Below are records with pictures in them. Output exactly the lines from the one with "Chromatic Radiance 2 Framed Art Print" through the one with "Antique Qing Dynasty", both included, and leave every picture out; give only those lines.

◆ Exercise input ◆
#####
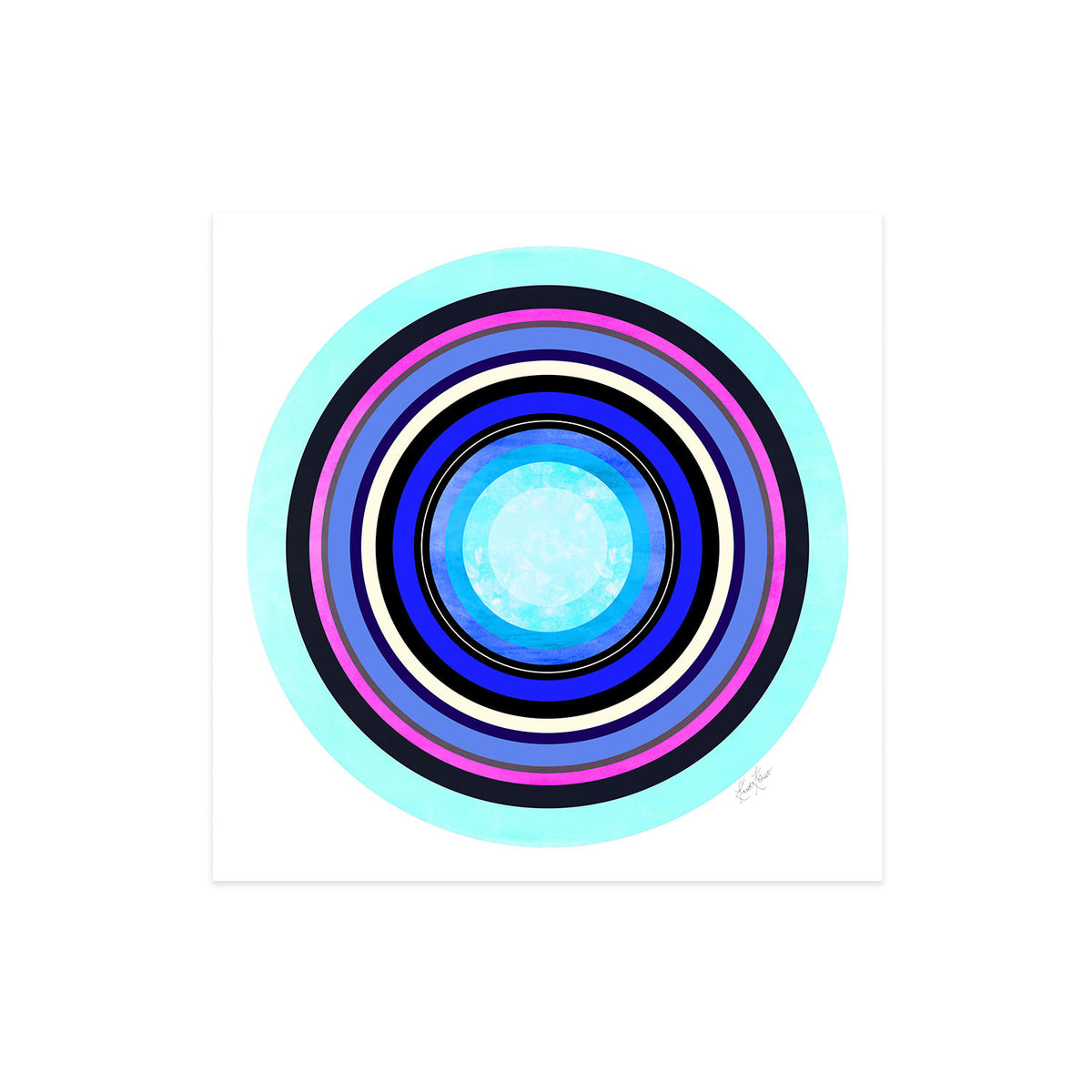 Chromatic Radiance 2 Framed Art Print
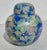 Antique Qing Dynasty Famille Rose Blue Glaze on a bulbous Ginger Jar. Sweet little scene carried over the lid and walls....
#####
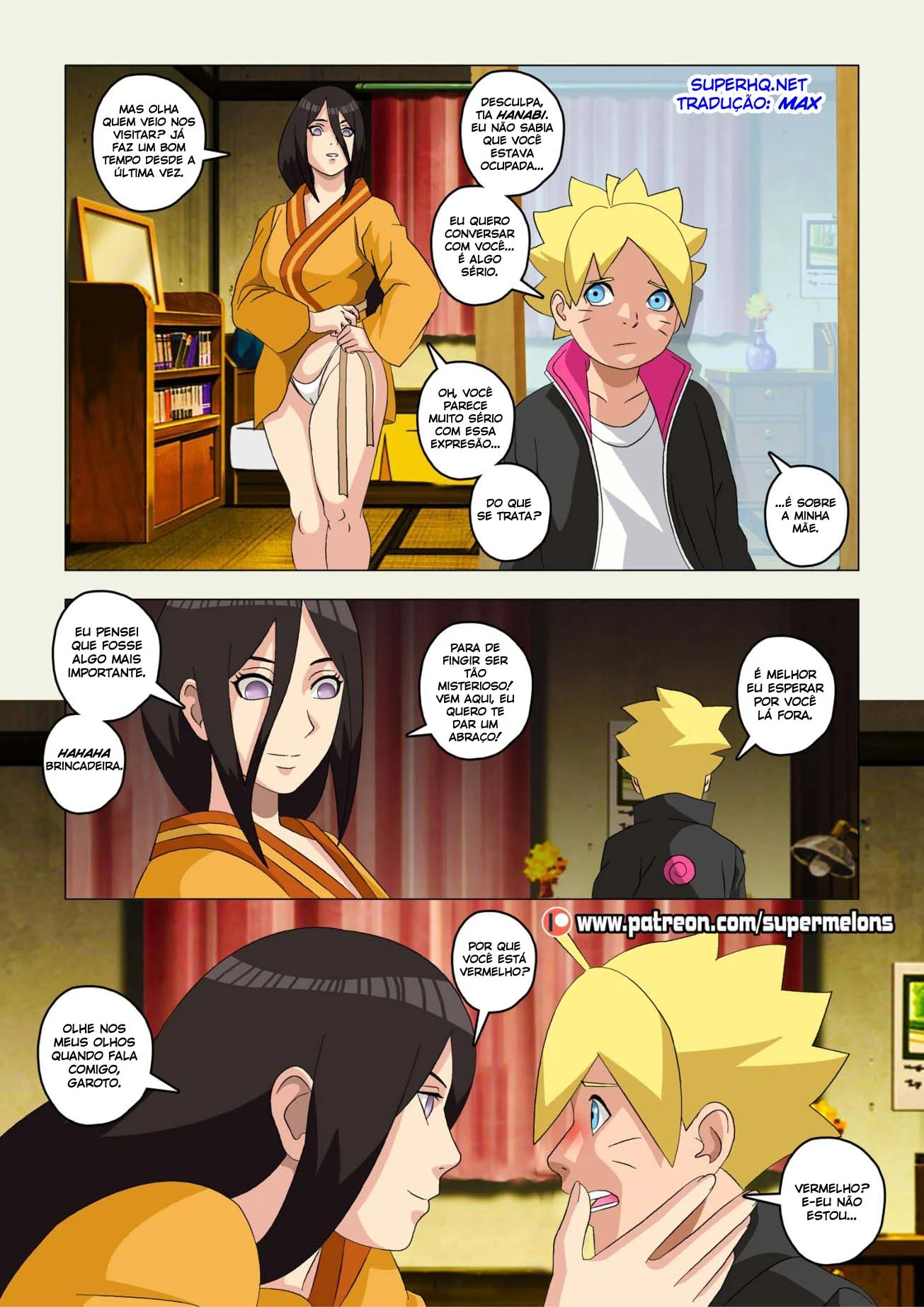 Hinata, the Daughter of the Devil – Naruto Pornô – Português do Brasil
#####
◆ Written answer ◆
 Chromatic Radiance 2 Framed Art Print
 Antique Qing Dynasty Famille Rose Blue Glaze on a bulbous Ginger Jar. Sweet little scene carried over the lid and walls....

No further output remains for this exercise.